A spectacular dinosaur as big as a school bus has been unearthed on the Isle of Wight in England.

It is the third new species from the popular holiday getaway to be described - in just a few weeks and could hail a 'renaissance' in British dinosaur identification.

The island, famous for sandy beaches and seaside promenades, has also been dubbed 'Dinosaur Island' as more dinosaur bones have been found there than anywhere else in Europe.

The latest find shows diversity of the prehistoric beasts was even greater than previously believed.

Named Brighstoneus simmondsi, the herbivore reached 26 feet long and weighed almost a ton.

It lived 125 million years ago and was a close relative of iconic Iguanodon and Mantellisaurus.

The Isle of Wight's position at the time was roughly where Gibraltar is now.

The animal's huge skull was dug up near Brighstone Bay on the southwest coast by amateur palaeontologist Keith Simmonds in 1978.

Iguanodontian bones from the Early Cretaceous were assigned to Mantellisaurus or Iguanodon - depending if they were gracile or robust.

But recent scans of the specimen identified several unique traits distinguishing it from both.

Lead author Dr. Jeremy Lockwood, of Portsmouth University, said: "For me, the number of teeth was a sign.

"Mantellisaurus has 23 or 24, but this has 28. It also had a bulbous nose, whereas the other species have very straight noses.

"Altogether, these and other small differences made it very obviously a new species."

The study in the Journal of Systematic Palaeontology suggests the UK was home to far more iguanodontian dinosaurs than thought.

Simply assuming specimens from this period are either Iguanodon or Mantellisaurus must change, said Lockwood.

"We're looking at six, maybe seven million years of deposits. I think the genus lengths have been overestimated in the past," he explained.

"‘If that's the case on the island, we could be seeing many more new species.

"It seems so unlikely to just have two animals being exactly the same for millions of years without change."

Iguanodon was 30 feet long, stood six-and-a-half feet tall at the hip and weighed four to five tons.

Mantellisaurus was smaller - about 23 feet long and weighing around three quarters of a ton

Co-author Dr. Susannah Maidment, of London's Natural History Museum, said: "The describing of this new species shows there is clearly a greater diversity of iguanodontian dinosaurs in the Early Cretaceous of the UK than previously realized.

"It's also showing the century-old paradigm that gracile iguanodontian bones found on the island belong to Mantellisaurus and large elements belong to Iguanodon can no longer be substantiated."

The Isle of Wight has long been associated with dinosaurs - yielding specimens that led to Sir Richard Owen coining the term Dinosauria.

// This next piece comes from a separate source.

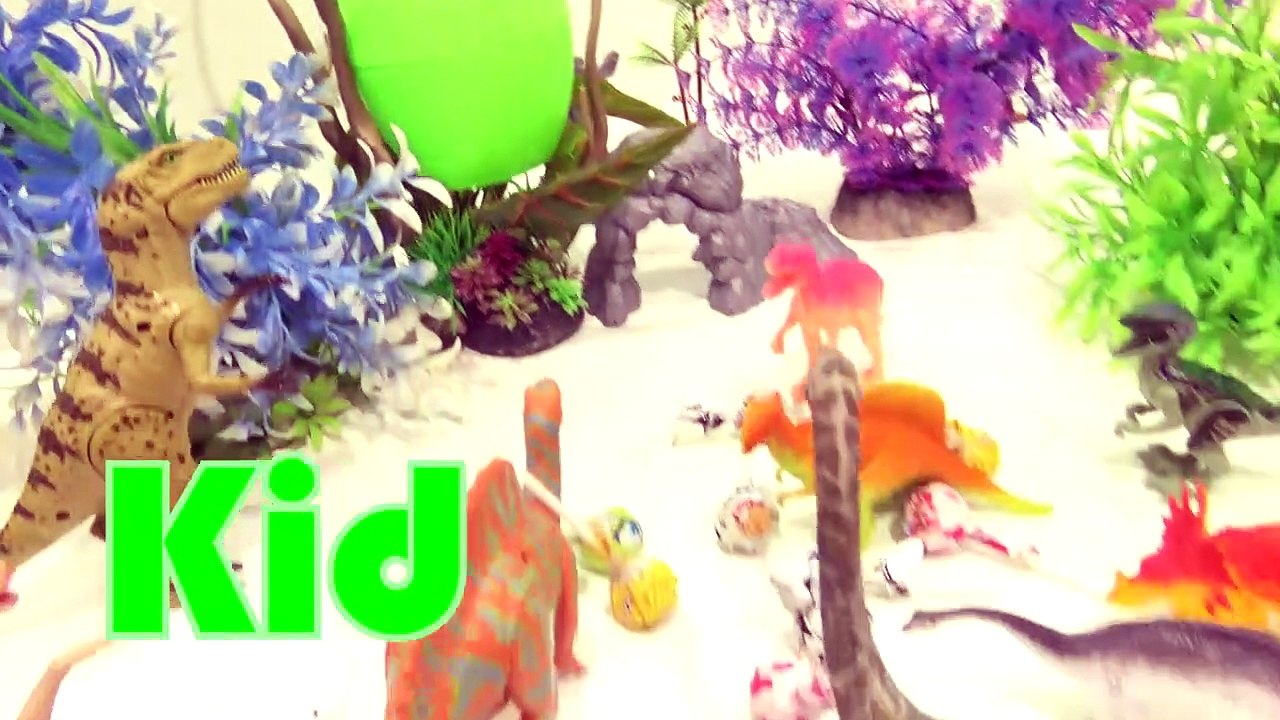 KHỦNG LONG BẠO CHÚA nổi giận vì khủng long khác ăn kẹo Ị PHÂN, DINOSAUR ANGRY ABOUT POOP 848-gnzFGVI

Identification of Brighstoneus simmondsi could lead to the material being re-assessed.

Lockwood said: "British dinosaurs are certainly not something that's done and dusted at all. I think we could be on to a bit of a renaissance."

In September the same team unveiled two new species of carnivorous dinosaurs from the Isle of Wight.

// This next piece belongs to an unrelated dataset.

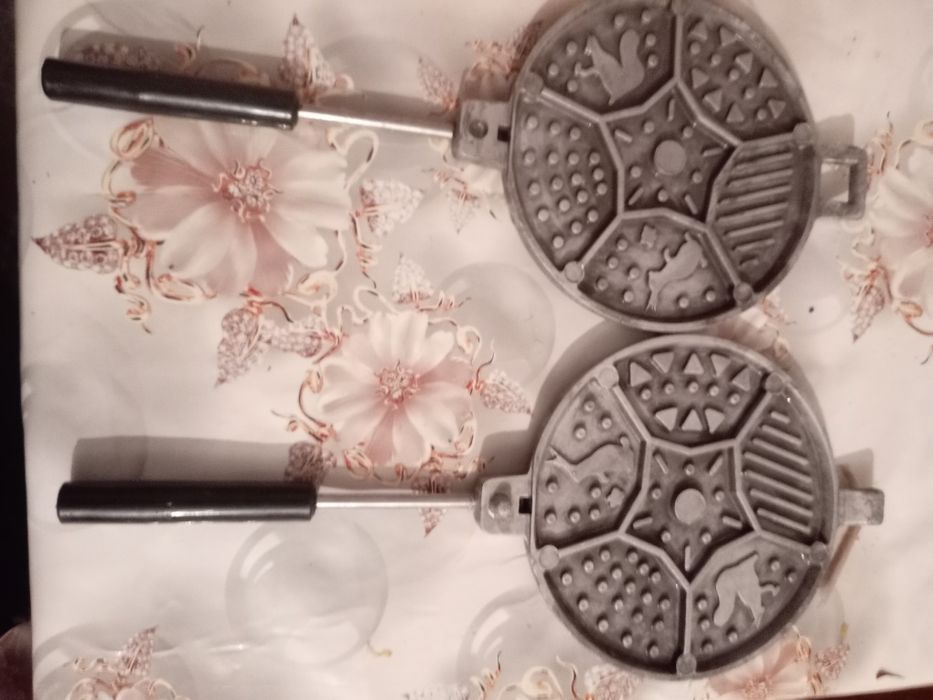 Формочки  СССР в отличном состоянии.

Named 'riverbank hunter' and the 'hell heron' after the environment in which they lived, they belonged to a group called spinosaurids.

They are thought to have roamed what is now the island around 129 million years ago.

Last month they also found a chicken-sized ancestor of T Rex in a quarry in Pant-y-ffynnon in South Wales.

The fossilized remains dating back 215 million years represent the UK's earliest known theropod dinosaur.

Dinosaur Isle in Sandown on the Isle of Wight is Britain's first purpose built dinosaur museum and visitor attraction.